当然,我们也有不堪教育重负大学中途退学的另类,却乏有与比尔·盖茨、史蒂夫·乔布斯比肩者,所有的,也只是网吧游戏成瘾勒令退学、不喜欢现在的专业退学再高考,或者是北大毕业生卖猪肉、清华毕业生遁入空门等尴尬事件,这,算不算中国式教育的莫大悲哀?
没有残疾的学子,只有残疾的教育
《大学》中这样解释“大学”:大学之道,在明明德,在亲民,在止于至善。知止而后有定,定而后能静,静而后能安,安而后能虑,虑而后能得。物有本末,事有终始,知所先后,则近道矣。毫无疑问,大学当以学术闻名天下,服务国家社会。
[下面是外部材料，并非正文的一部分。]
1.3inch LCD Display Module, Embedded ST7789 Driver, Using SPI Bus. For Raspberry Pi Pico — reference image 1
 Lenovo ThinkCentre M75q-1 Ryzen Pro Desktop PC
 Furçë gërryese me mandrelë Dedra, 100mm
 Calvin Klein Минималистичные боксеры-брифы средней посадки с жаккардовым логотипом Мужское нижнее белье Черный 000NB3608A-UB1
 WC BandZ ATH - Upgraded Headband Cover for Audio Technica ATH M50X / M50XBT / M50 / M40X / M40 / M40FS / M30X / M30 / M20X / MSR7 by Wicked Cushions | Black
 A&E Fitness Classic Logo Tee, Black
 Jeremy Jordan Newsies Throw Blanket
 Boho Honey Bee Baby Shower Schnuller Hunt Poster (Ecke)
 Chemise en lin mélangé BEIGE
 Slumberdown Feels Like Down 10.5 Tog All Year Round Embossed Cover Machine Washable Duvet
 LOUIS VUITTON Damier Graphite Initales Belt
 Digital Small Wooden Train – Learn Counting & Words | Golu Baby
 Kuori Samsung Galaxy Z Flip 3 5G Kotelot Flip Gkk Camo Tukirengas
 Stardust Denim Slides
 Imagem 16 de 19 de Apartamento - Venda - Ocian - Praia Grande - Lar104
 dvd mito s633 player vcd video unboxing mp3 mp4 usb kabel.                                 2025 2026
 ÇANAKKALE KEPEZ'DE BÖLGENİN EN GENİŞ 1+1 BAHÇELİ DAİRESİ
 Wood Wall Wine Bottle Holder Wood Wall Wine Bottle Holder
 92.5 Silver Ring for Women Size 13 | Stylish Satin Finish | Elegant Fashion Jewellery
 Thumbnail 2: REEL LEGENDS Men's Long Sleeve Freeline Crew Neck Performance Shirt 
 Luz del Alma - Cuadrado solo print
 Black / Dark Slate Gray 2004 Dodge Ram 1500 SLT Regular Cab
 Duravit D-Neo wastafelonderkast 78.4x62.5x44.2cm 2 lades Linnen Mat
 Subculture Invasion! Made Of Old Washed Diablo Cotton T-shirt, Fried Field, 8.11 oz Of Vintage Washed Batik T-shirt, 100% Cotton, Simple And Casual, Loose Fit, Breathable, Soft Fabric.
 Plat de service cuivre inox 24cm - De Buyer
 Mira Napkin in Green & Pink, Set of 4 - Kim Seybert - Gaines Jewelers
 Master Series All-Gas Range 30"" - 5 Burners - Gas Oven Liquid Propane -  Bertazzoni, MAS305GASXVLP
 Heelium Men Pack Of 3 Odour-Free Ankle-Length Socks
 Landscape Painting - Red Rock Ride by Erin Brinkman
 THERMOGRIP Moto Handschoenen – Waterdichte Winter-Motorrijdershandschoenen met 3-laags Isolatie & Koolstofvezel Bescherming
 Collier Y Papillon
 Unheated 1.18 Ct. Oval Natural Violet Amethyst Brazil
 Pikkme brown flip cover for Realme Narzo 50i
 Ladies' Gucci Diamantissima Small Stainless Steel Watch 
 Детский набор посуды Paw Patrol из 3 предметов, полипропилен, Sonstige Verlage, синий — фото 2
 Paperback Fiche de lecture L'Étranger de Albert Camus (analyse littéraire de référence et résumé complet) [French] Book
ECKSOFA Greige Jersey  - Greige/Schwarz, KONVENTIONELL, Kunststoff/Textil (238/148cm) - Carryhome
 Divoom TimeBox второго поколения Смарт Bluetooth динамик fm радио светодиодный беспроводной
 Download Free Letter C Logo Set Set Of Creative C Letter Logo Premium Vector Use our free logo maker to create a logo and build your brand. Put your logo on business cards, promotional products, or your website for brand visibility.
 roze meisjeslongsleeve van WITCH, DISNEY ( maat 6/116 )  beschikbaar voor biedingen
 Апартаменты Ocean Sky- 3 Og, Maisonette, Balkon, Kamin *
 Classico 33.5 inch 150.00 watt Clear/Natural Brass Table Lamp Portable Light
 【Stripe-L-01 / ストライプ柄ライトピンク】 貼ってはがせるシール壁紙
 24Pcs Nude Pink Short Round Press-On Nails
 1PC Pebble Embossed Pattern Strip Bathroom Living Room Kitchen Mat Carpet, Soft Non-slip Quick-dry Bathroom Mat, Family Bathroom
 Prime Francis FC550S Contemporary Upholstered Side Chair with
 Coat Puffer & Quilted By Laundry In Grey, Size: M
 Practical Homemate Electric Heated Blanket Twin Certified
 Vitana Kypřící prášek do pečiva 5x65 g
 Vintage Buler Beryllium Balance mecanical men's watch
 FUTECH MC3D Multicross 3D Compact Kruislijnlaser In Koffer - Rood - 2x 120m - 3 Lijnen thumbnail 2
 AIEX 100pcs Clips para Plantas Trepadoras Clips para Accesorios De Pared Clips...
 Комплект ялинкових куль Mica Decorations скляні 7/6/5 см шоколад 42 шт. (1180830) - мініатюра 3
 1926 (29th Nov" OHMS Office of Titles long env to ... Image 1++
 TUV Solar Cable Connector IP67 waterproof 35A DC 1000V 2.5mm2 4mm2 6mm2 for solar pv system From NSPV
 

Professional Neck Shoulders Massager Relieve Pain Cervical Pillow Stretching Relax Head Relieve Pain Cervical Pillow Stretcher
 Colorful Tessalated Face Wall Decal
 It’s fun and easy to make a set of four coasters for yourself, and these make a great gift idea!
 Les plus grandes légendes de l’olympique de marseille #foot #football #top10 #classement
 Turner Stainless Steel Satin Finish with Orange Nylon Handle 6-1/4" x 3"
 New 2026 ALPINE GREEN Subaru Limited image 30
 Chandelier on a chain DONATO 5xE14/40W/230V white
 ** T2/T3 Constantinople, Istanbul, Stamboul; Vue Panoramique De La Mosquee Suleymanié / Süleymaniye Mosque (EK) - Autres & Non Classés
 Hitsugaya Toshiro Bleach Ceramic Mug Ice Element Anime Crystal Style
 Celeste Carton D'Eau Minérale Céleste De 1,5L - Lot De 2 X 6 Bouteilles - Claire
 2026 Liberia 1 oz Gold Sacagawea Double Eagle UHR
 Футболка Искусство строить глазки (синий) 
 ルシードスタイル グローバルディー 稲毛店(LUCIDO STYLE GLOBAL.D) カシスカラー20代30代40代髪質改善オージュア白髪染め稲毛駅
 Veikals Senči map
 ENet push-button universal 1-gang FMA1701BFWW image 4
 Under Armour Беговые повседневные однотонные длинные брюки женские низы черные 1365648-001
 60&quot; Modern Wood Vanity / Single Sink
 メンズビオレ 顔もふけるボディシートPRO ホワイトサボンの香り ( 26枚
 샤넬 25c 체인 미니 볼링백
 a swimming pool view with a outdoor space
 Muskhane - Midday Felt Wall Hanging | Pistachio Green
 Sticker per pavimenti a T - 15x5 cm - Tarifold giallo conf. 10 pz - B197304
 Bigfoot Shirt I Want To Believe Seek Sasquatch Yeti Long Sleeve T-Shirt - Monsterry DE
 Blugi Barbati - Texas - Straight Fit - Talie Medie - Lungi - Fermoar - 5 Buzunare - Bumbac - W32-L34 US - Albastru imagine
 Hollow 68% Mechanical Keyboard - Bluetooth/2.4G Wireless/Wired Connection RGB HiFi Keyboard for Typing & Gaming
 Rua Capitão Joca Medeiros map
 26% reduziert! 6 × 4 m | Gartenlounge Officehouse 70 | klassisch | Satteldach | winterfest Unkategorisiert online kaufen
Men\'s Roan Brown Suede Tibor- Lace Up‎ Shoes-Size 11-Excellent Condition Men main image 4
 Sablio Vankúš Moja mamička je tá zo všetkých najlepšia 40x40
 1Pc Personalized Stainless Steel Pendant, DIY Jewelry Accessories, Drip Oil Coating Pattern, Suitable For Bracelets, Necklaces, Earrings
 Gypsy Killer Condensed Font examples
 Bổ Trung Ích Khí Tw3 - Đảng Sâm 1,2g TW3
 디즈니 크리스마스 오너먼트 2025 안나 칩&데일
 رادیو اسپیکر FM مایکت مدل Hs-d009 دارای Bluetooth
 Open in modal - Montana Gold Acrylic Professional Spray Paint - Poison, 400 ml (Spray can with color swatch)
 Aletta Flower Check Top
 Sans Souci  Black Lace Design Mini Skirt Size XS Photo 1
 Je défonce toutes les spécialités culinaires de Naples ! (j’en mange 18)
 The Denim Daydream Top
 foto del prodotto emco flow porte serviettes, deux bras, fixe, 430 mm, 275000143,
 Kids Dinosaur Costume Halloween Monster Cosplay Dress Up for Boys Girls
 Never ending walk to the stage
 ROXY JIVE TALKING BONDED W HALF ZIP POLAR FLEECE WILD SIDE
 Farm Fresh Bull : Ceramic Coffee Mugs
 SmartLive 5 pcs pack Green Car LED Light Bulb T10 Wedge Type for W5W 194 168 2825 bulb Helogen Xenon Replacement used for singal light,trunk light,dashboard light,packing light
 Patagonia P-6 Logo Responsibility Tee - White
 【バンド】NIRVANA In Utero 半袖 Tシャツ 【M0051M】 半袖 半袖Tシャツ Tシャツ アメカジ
而反观目前高校,教学楼的高度与豪华淹没了本应该有的氤氲文化气息,教授名车名装终日奔波在各大电视台与公司讲座厅,拿着抄袭而来的论文著作炫耀职称,开口闭口唯钱论,且时不时来个潜规则……当大学不敬畏学问却敬畏权贵,不敬畏规则而敬畏财富,你怎么可能不让学生“一流进去,三流出来”?又怎么可能让学生不失望?“文人不纯,教育不深”,这,是中国教育体制“先天残疾”下的又一“后天哀事”。
先前,总理曾在国务院教育工作座谈会上直言三问:如何培养更多的杰出人才?如何提高高等教育质量?高校如何办出自己的特色?对当前中国高等教育的现状表达了焦虑,更对泱泱大国却鲜见大师倍感痛心。当钱学森、季羡林、启功等老一辈大师驾鹤仙去,当钱老焦灼的声音“现在中国没有完全发展起来,一个重要原因是没有一所大学能够按照培养科学技术发明创造人才的模式去办学,没有自己独特的创新的东西”犹言在耳,我们是否应该一同焦虑?“何以一个大动荡的民国时代,竟催生了大师的璀璨星光?而一个大发展的和平年代,则无大师的层出不穷?”这个问题,值得每一个有志之士深思。